**Problem statement**
Using the listing below, print exactly everything from the line with "Countable nouns have singular" down to the line with "There is an orange and some", both included, and nothing more.

=== Begin Enclosure ===

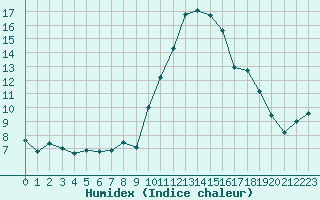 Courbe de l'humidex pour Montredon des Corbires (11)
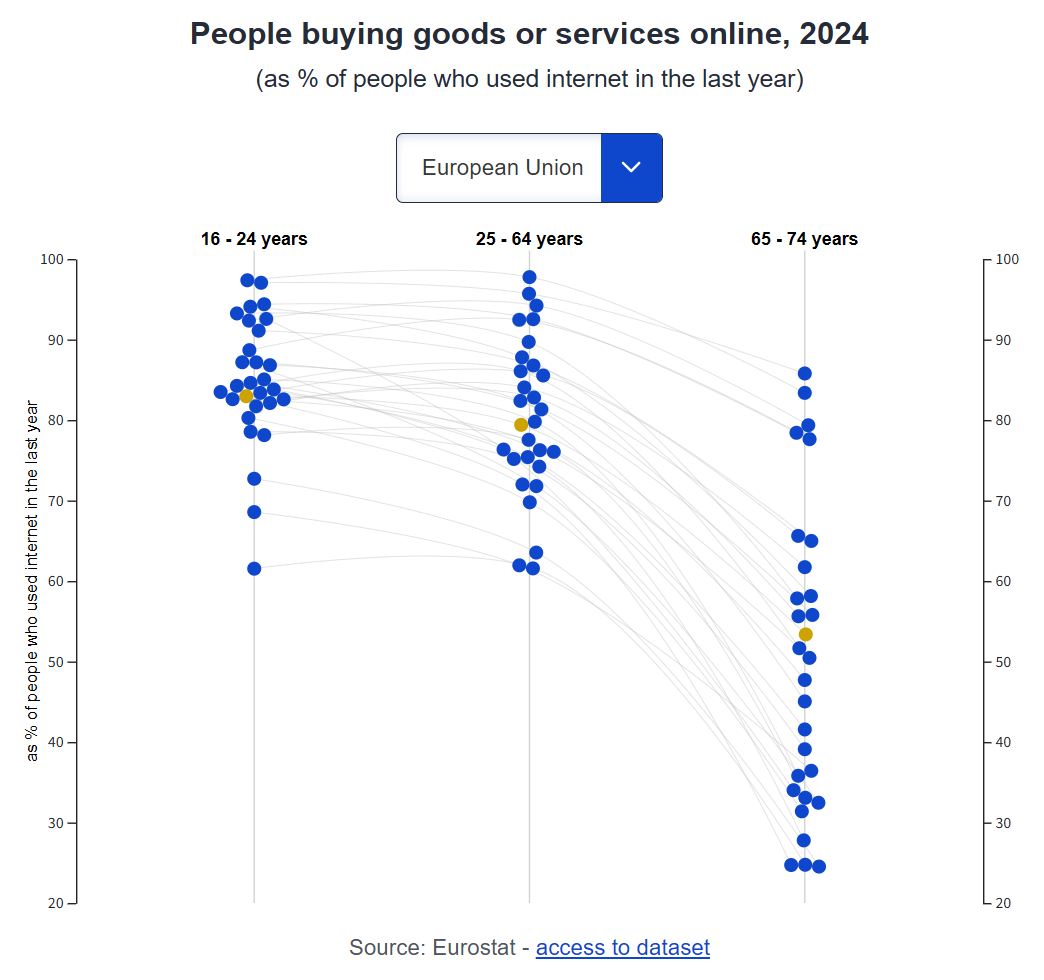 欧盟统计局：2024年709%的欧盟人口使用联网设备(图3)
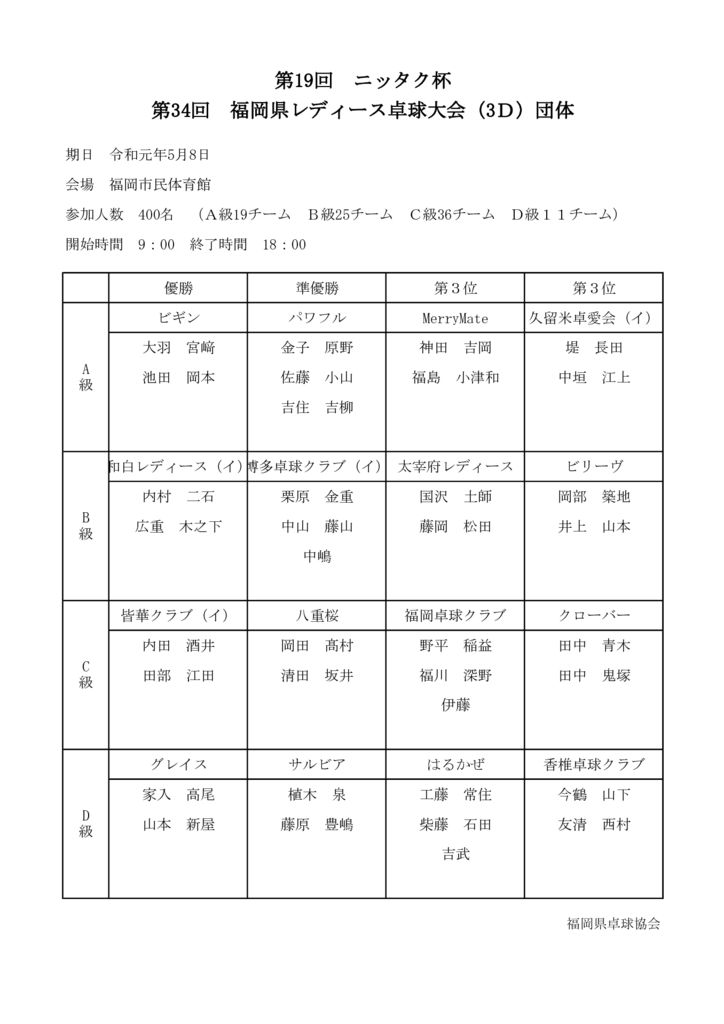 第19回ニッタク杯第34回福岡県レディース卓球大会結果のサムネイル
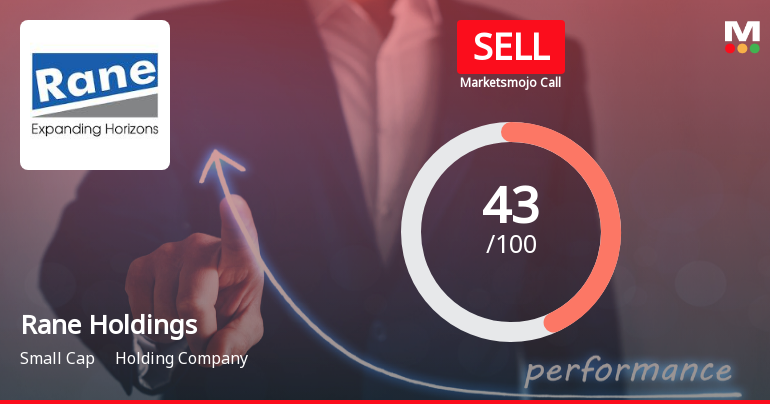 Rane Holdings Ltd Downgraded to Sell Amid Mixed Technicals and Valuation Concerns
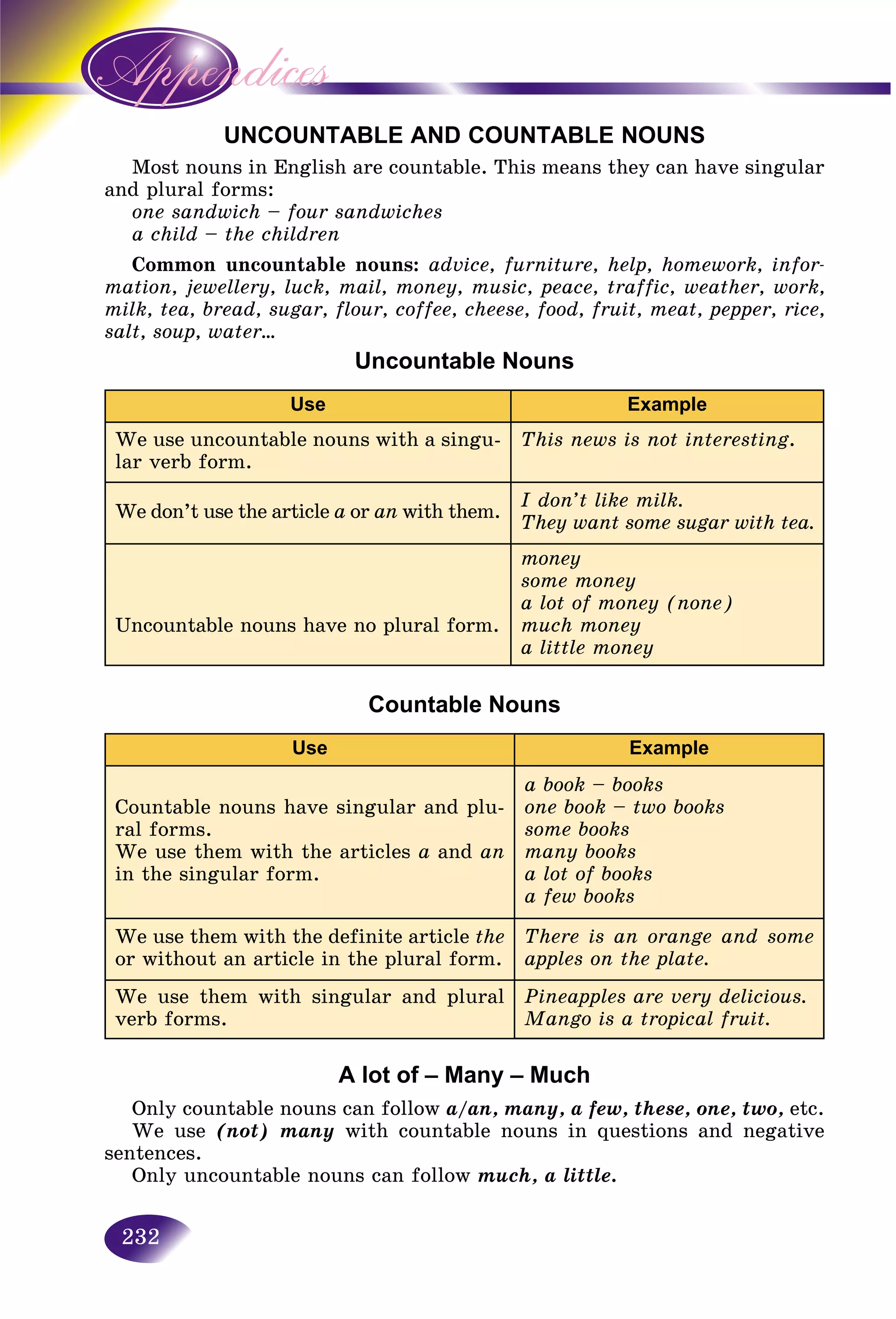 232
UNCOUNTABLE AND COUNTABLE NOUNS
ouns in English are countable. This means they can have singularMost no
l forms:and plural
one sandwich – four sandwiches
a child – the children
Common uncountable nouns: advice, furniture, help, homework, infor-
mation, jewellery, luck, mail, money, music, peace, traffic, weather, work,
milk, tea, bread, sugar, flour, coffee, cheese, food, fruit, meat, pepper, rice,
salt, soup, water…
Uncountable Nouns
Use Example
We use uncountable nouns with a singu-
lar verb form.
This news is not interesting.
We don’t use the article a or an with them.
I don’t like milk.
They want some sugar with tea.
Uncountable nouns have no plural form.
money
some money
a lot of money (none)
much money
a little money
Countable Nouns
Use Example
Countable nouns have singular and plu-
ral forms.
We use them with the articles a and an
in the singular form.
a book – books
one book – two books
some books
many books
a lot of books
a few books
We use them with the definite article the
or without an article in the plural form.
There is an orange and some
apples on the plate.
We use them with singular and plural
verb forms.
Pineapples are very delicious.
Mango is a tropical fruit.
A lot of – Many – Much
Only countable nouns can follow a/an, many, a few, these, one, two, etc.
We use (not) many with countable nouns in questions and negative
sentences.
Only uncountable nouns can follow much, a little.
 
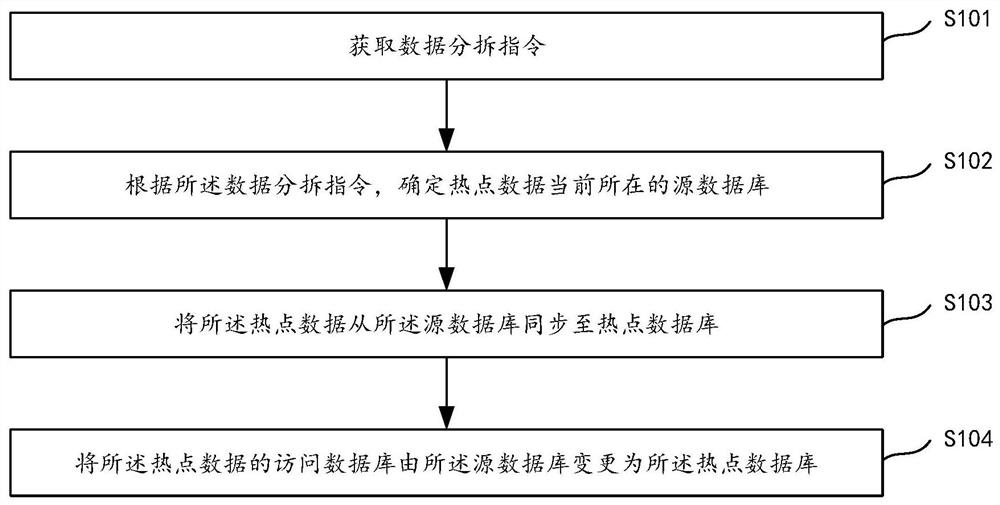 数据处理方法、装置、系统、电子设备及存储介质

=== End Enclosure ===

**Your response**
Countable nouns have singular and plu-
ral forms.
We use them with the articles a and an
in the singular form.
a book – books
one book – two books
some books
many books
a lot of books
a few books
We use them with the definite article the
or without an article in the plural form.
There is an orange and some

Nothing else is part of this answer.